If, however, evidence of Shane’s reason for fleeing established self-defense, the court erred in excluding it.  Shane relies on State v. Kutchara, 350 N.W.2d 924, 927 (Minn. 1984), in which the supreme court said:

If a defendant is free to use reasonable force to resist an offense against his person by a police officer, he also is free to flee the officer.  Possibly the court should have so instructed the jury * * * .



            A person may lawfully use reasonable force to defend himself against an offense being committed upon him.  Minn. Stat. § 609.06(3) (2000).  Self-defense is available to those who act honestly and in good faith.  State v. Baker, 280 Minn. 518, 522, 160 N.W.2d 240, 242 (1968) (quotation omitted).  However, it must be shown that (1) there was no aggression or provocation by the defendant; (2) the defendant actually and honestly believed he was in imminent danger of death or great bodily harm; (3) there were reasonable grounds for that belief; and (4) there was no reasonable possibility of retreat to avoid the danger.  State v. Nystrom, 596 N.W.2d 256, 260 (Minn. 1999) (citation omitted).

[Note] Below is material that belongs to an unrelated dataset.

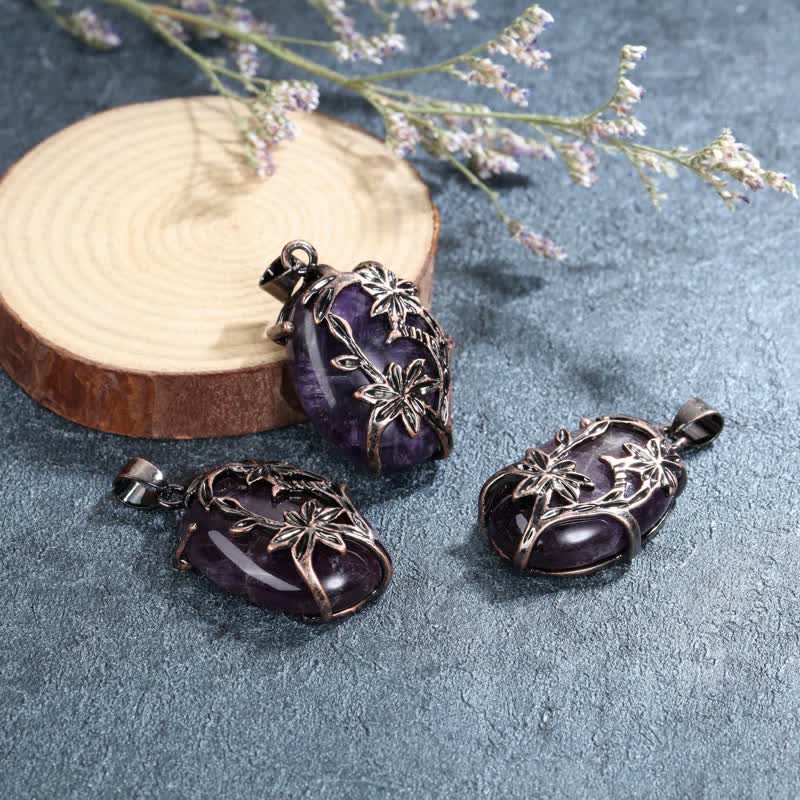 Collier en cristal enveloppé de fleurs en laiton et améthyste Olivenorma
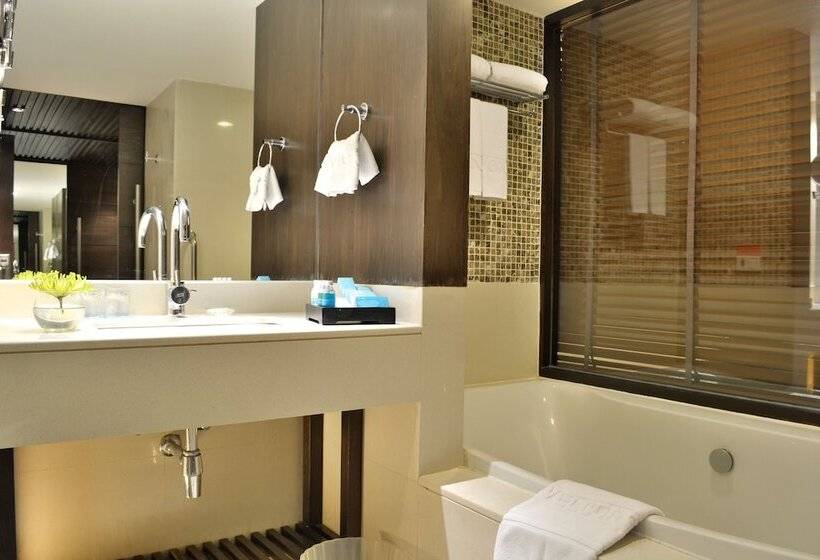 اتاق لوکس با چشمانداز دریا, Aone Pattaya Beach Resort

The record shows only that Shane feared that Officer Gaul might assault him.  Nothing in Shane’s offer of proof would reasonably support his belief that he was “in imminent danger of death or great bodily harm.”  Gaul did nothing to indicate that any particular conduct by him was imminent.  Furthermore, even if we take Shane’s allegations about Gaul’s past behavior as true, Gaul never inflicted “great bodily harm” on Shane or attempted to cause his death.  See Minn. Stat. § 609.02, subd. 8 (2000) (“‘Great bodily harm’ means bodily injury which creates a high probability of death, or which causes serious permanent disfigurement, or which causes a permanent or protracted loss or impairment of the function of any bodily member or organ or other serious bodily harm.”).

The stipulated facts show uncontrovertibly that various officers from different police departments knew that Shane was driving illegally, that they signaled for him to pull over, and that they gave chase after he failed to obey the signal.  Shane himself provoked the events by driving illegally and no facts suggest that the officers were doing anything more than making an effort to apprehend an illegal driver.  We agree with the district court that under these circumstances Shane was not entitled to assert self-defense to a charge of fleeing a peace officer in a motor vehicle.

Finally, even if self-defense might in unusual circumstances be an appropriate defense to a fleeing charge, as Kutchara intimates, Shane has cited no authority for the proposition that a person can resort to an illegal means to defend himself.  Here, it was illegal for Shane to drive a motor vehicle.  By his own admission, it was this illegal means that he chose in exercising what he allegedly thought was self-defense. We do not believe that the defense of-self-defense extends this far.





* Retired judge of the Minnesota Court of Appeals, serving by appointment pursuant to Minn. Const. art. VI, § 10.